Schon als Glenn Goulds Mutter noch mit ihrem Wunschkind schwanger war, war sie davon überzeugt, dass dieses einmal ein herausragender Pianist werden würde. Den ersten Klavierunterricht erteilte sie ihrem Sohn noch als Kleinkind, und schon früh zeigte sich Glenn Goulds außergewöhnliches Talent und - neben einem absoluten Gehör - sein enormes musikalisches Gedächtnis: Eine einmal gehörte Tonfolge konnte er jederzeit abrufen und am Klavier reproduzieren.
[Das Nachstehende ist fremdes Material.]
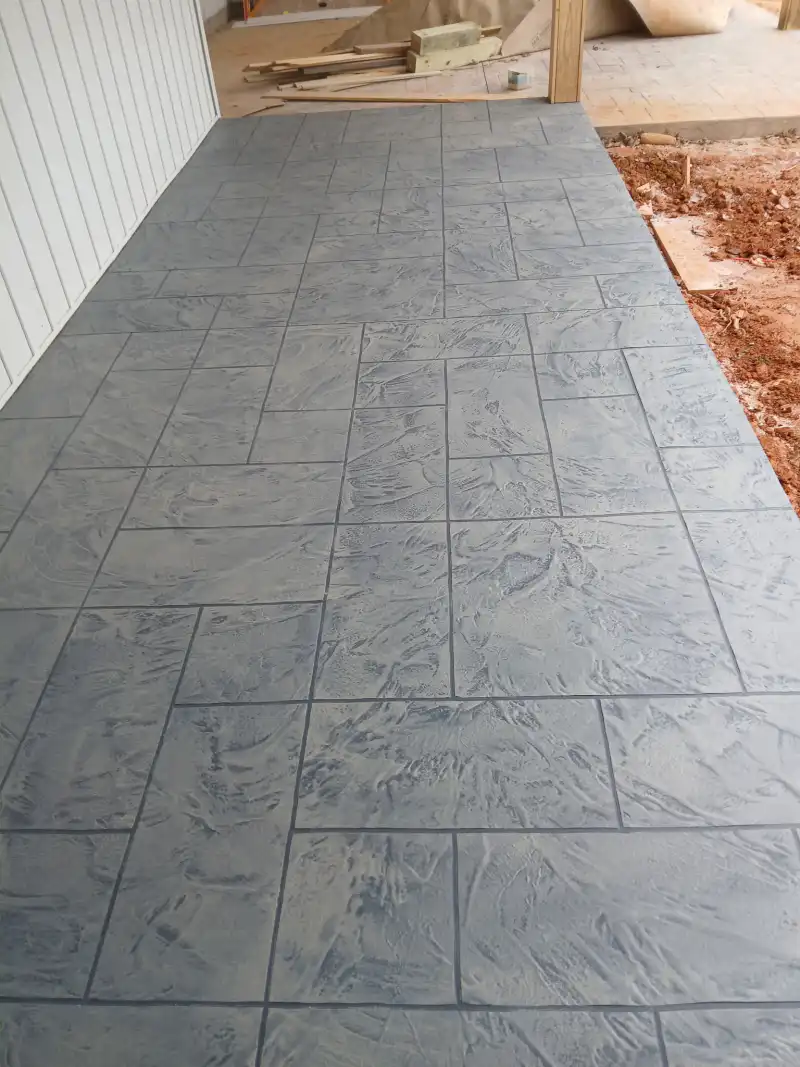 A grey rectangular tile-pattern overlay walkway running beside a white-clad building, with bare red soil and timber offcuts alongside.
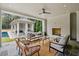 Covered outdoor living space with fireplace, seating, and view of pool at 258 Pineland Nw Rd, Atlanta, GA 30342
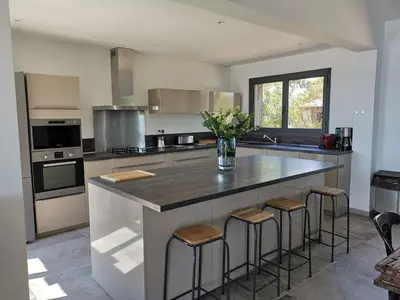 a kitchen with a large island with bar stools at Villa Cala Rossa pieds dans l'eau Porto-Vecchio in Lecci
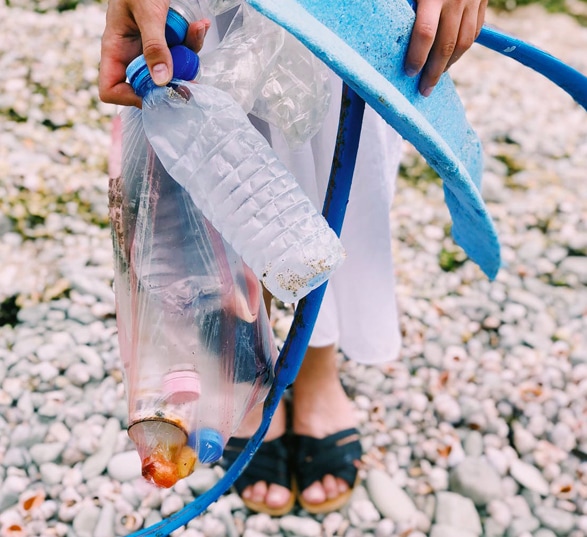 une personne ramassent des déchets et du plastique sur une plage avec des cailloux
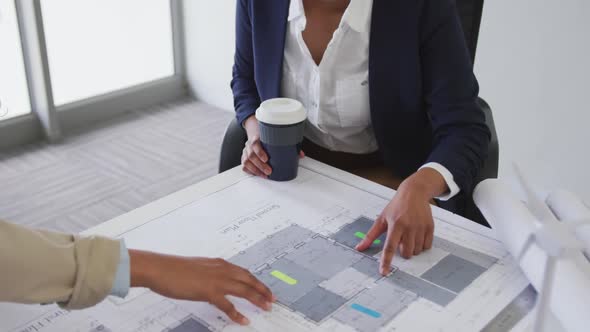 Biracial female architects talking and checking architects plans in modern office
Am Konservatorium von Toronto studierte Glenn Gould bei Alberto Guerrero. Von diesem lernte er eine ganz spezielle Spieltechnik, die sein ganzes Leben lang kennzeichnend sein sollte für die Klarheit und Struktur seines Klavierspiels. Diese Klarheit, von manchen Kritikern als Härte bezeichnet, machte aus Glenn Gould einen beliebten Bach-Interpreten. Aber auch Mozart und Beethoven spielte er auf diese strukturierte Weise, und das kam nicht bei allen Musikliebhabern gut an.
Die Musik der Romantik spielte Glenn Gould nur selten, denn diese weiche, auf Emotionen und Empfindungen beruhende Musik wies seiner Meinung nach einen Mangel an Struktur auf. Sein Klavierspiel war scharf artikuliert und rhythmisch, und das stand fast im Gegensatz zur Spielpraxis in der romantischen Epoche. Dennoch hat Gould auch einige Werke romantischer Komponisten auf Schallplatte eingespielt, wie die Rhapsodie in h-moll Opus 79 von Johannes Brahms.